He was culturally voracious, devouring photography books, literature, films, philosophy, classical music — critiquing it all in his journals. He soaks up Eugène Atget, Edward Weston, Walker Evans. He expresses adoration for Charles Dickens, tearing up when he reads A Christmas Carol to Susan because it reminds him “with painful vividness” of his mother’s reading it to him on Broughton Street. He recounts an argument with a lawyer friend about Shakespeare. (“He loved the Bard,” Frances told me.) He rereads Huck Finn (“Hemingway was right. Clemens was one of the great American novelists”). He consumes Gertrude Stein’s The Autobiography of Alice B. Toklas in white heat on a single afternoon (“I don’t think she  was awfully talented”) and Ibsen’s “A Doll’s House” (hated it).  

While Kwilecki’s robust inner life surely stimulated him, and informed his vision, it also reinforced his sense of isolation. He had no one to talk to about photography. Not in Bainbridge. But in his letter writing, he found an outlet. 
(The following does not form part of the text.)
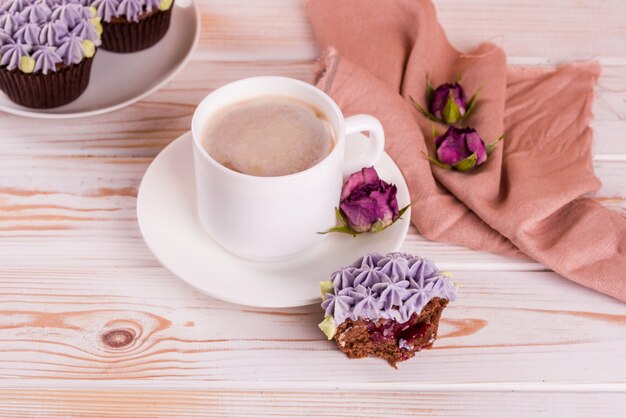 Chocolate delicious cupcake with cream and fragrant coffee with milk on a white wooden table.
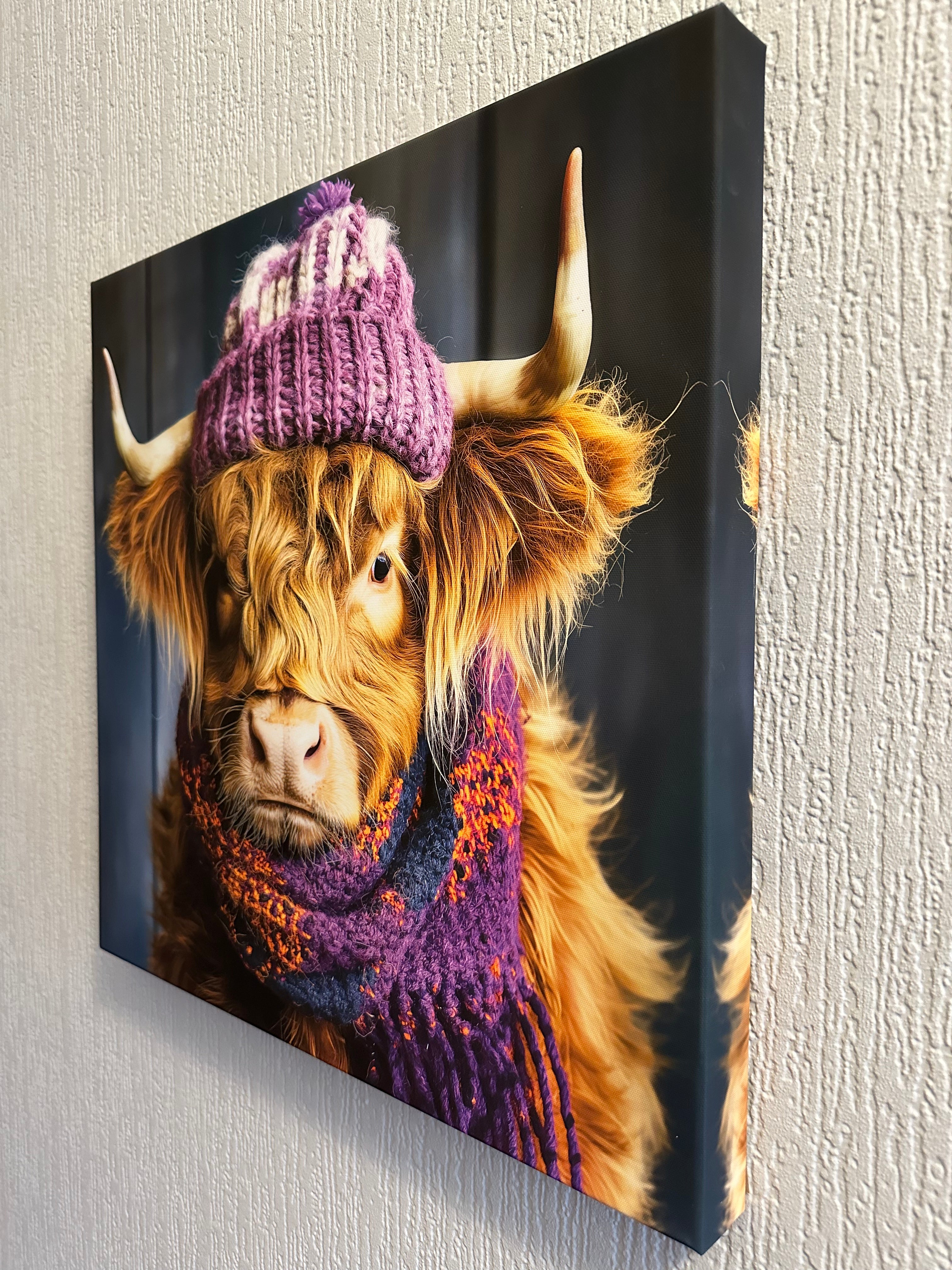 Canvas print of a Highland cow wearing a knitted hat on a textured wall.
He struck up life-changing correspondences with photographer David Vestal,  Gudmund Vigtel (director of Atlanta’s High Museum of Art), and John Szarkowski (director of the photography department at the Museum of Modern Art in New York). In 1963 and 1966, he asked Ansel Adams for technical advice. Adams replied with specifics on mixing developing fluids — and encouraging words. “I am happy to note that you are approaching your environment on a personal, independent and creative basis. … So much photography today is false because it echoes mannerisms and cultisms. We desperately need a fresh and highly personal viewpoint — but a viewpoint always controlled by passion.”

 
 
 
 
 


 
 

I met Frances Kwilecki when I was 16 and got my first bona-fide job. We punched the clock at the TG&Y discount department store at the Bainbridge Mall. That same year — 1976 — her father made a fine photo of an elderly couple enjoying an ice cream on a bench outside the mall, a runaway shopping cart teetering in the background. I was awkward and unsure of myself, not the sort of kid who looked comfortable pushing a hand truck piled high with cardboard boxes. I took the job at my mother’s insistence, to put gas in the old Pontiac she gave me. Frances, two years ahead of me at Bainbridge High School, was a cashier who worked in health and beauty, next to the record department. She was cool. She seemed liberated, to borrow a phrase from the day. She turned me on to Joni Mitchell and Jackson Browne (we both thought he was cute, though we didn’t speak about it, not yet). I can still see her lip-synching Kansas’ “Carry On Wayward Son” as she stocked the shelves with lipstick and fingernail polish. 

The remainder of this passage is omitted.